Back in Vietnam, this shift is evident as journalists Pham Chi Dung and Nguyen Tuong Thuy were sentenced to 15 and 11 years in prison, respectively. They are two of 361 journalists currently imprisoned around the world, according to CPJ’s most recent tally.
And in the Midwest, a sudden dearth of reliable information struck a small northwestern Iowa community that lost The Aurelia Star, a local weekly newspaper that had been in print since March 1881. Above now-stagnant headlines about road projects and a community concert, The Star’s website offers a quiet eulogy: “the demise of another small-town newspaper.”

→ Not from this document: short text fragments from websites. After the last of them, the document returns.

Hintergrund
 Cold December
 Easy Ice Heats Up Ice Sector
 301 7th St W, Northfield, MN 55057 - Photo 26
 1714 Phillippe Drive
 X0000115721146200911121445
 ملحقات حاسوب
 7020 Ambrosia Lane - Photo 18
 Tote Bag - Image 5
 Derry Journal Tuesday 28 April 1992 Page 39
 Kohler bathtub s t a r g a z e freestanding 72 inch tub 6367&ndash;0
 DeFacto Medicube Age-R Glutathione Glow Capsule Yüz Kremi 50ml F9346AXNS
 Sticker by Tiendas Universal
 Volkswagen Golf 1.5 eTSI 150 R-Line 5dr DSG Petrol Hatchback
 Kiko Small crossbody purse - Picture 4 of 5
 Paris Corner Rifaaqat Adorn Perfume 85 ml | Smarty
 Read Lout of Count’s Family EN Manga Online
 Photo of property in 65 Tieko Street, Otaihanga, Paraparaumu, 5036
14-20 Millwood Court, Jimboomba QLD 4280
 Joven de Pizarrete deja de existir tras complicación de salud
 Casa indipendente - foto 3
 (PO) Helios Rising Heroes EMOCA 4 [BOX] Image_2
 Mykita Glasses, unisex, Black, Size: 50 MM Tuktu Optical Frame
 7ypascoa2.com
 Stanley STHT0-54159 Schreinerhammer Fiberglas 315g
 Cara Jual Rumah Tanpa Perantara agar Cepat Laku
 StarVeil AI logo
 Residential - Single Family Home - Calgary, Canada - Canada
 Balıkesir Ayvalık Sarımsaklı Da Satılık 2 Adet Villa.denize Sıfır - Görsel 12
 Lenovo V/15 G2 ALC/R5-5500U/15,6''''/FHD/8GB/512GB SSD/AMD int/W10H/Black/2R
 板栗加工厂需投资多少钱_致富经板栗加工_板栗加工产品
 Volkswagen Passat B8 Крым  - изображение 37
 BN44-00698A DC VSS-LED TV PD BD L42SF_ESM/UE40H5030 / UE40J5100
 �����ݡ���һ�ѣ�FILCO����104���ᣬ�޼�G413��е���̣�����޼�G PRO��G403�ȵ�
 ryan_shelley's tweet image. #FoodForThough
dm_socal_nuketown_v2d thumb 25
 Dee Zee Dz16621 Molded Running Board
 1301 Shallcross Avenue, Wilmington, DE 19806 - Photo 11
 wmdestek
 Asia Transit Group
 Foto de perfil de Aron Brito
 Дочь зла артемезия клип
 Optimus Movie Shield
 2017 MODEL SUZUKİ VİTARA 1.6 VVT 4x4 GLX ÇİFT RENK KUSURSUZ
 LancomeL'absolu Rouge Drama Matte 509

The U.S. once stood as a global champion of press freedom, but our failures at home undermine credibility abroad and weaken global solidarity. The public, Congress, philanthropic leaders and local elected officials must treat local journalism like public infrastructure that is essential to democracy, civic engagement and truth itself. Defending press freedom demands standing up for it everywhere — whether a reporter is jailed or a newsroom is shuttered.
If you want to support press freedom, subscribe or donate to a local outlet and speak up when a journalist is attacked. Democracy depends on all reporters being able to do their jobs, whether in Kyiv or in Kansas.
OPINION by TIMOTHY RICHARDSON and VIKTORYA VILK/Special to the Kansas City Star
Timothy Richardson is program director for journalism and disinformation and Viktorya Vilk is the director for digital safety and free expression for PEN America, a 501(c)(3) nonprofit that produces original research on pressing threats to free expression.